Problem requirements → Please read the records below and return each line holding the string "Seltos".

Supplied data →
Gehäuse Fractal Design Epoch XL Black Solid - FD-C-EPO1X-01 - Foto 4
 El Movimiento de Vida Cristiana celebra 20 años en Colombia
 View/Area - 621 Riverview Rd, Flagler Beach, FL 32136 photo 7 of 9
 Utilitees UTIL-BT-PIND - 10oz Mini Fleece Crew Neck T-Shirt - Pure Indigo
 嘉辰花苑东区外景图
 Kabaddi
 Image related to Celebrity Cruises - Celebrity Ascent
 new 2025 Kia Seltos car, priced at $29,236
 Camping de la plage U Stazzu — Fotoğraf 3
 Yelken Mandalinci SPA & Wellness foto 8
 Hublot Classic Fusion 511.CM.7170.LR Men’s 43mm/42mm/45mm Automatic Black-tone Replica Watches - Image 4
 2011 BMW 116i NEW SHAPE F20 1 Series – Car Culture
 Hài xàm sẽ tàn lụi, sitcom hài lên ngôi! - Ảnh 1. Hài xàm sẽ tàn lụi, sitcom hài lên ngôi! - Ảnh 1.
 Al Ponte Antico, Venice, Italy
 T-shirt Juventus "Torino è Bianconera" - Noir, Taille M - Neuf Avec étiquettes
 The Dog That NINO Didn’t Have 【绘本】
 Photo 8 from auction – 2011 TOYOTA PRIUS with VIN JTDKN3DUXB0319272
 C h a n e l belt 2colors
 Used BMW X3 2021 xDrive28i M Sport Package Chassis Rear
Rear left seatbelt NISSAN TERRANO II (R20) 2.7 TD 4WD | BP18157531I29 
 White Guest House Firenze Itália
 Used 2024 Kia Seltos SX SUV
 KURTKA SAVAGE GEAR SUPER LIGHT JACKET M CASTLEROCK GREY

Answer section →
 new 2025 Kia Seltos car, priced at $29,236
 Used 2024 Kia Seltos SX SUV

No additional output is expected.